Daimler, Ford and Nissan have entered into a unique three-way alliance that will see the three leading global automakers collaborate on a common hydrogen fuel cell system to power their future zero-emission vehicles.
The joint venture that spans three continents is intended to lead to the launch of the world’s first affordable, mass-market hydrogen-powered vehicles within five years and help define global specifications and component standards.
Daimler (the parent company of Mercedes-Benz), Ford Motor Company and Nissan Motor Company will invest equally towards the project, reducing costs associated with engineering the technology by maximising design commonality and deriving efficiencies through economies of scale.
In a joint statement, the trio said the alliance sends a clear signal to suppliers, policy makers and the automotive industry to encourage further development of hydrogen refuelling stations and other infrastructure necessary to allow the technology to be mass-marketed.
Daimler, Ford and Nissan have already logged more than 10 million kilometres of testing in fuel cell vehicles independently and bring together more than 60 years of cumulative experience.
Daimler Group research and Mercedes-Benz Cars development chief Thomas Weber said the collaboration would speed up the introduction of hydrogen technology across the globe.

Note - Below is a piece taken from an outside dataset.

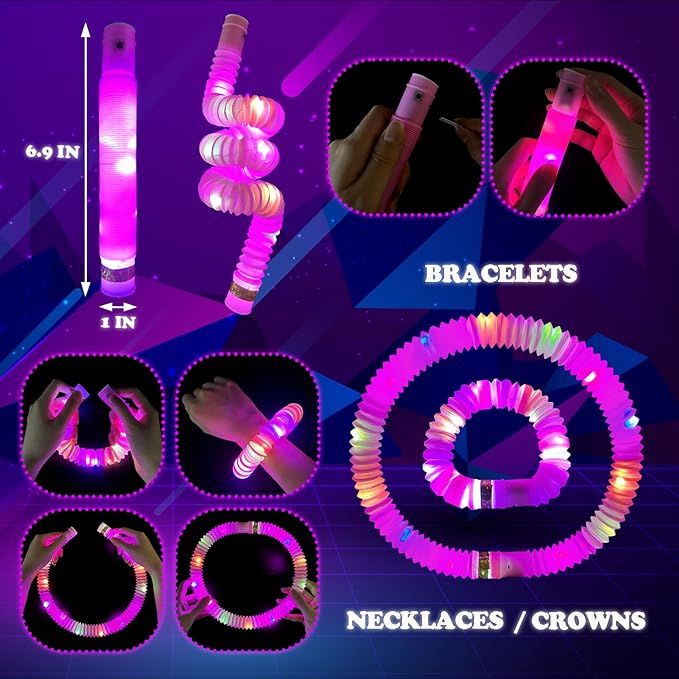 24 PCS Pink Glow Sticks Party Favors for Kids, Light Up Necklaces Bracelets Accessories for Toddlers,Halloween Birthday Party Basket Goodie Bag Stuffers Fillers,Treats Prizes Toys Gifts for Boys Girls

“We are convinced that fuel cell vehicles will play a central role for zero-emission mobility in the future,” Weber said.
“Thanks to the high commitment of all three partners we can put fuel cell e-mobility on a broader basis.”

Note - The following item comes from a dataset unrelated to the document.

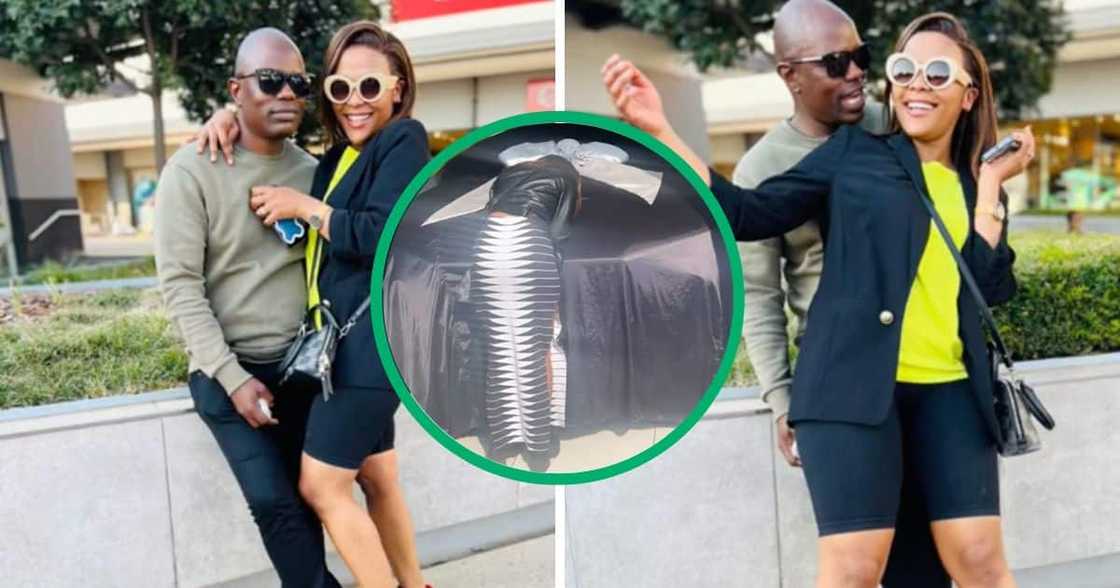 Husband surprises his wife with a Jaguar. Husband surprises his wife with a Jaguar.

Nissan executive vice president Mitsuhiko Yamashita described fuel cell vehicles as the “obvious next step” to complement today’s battery-powered electric vehicles.
Fuel cell vehicles generate electricity in an on-board fuel cell stack in an electrochemical reaction between hydrogen – stored in a high-pressure tank in the car – and oxygen from the air. Driving range is comparable to that of petrol-powered vehicles, while the only by-products are water vapour and heat.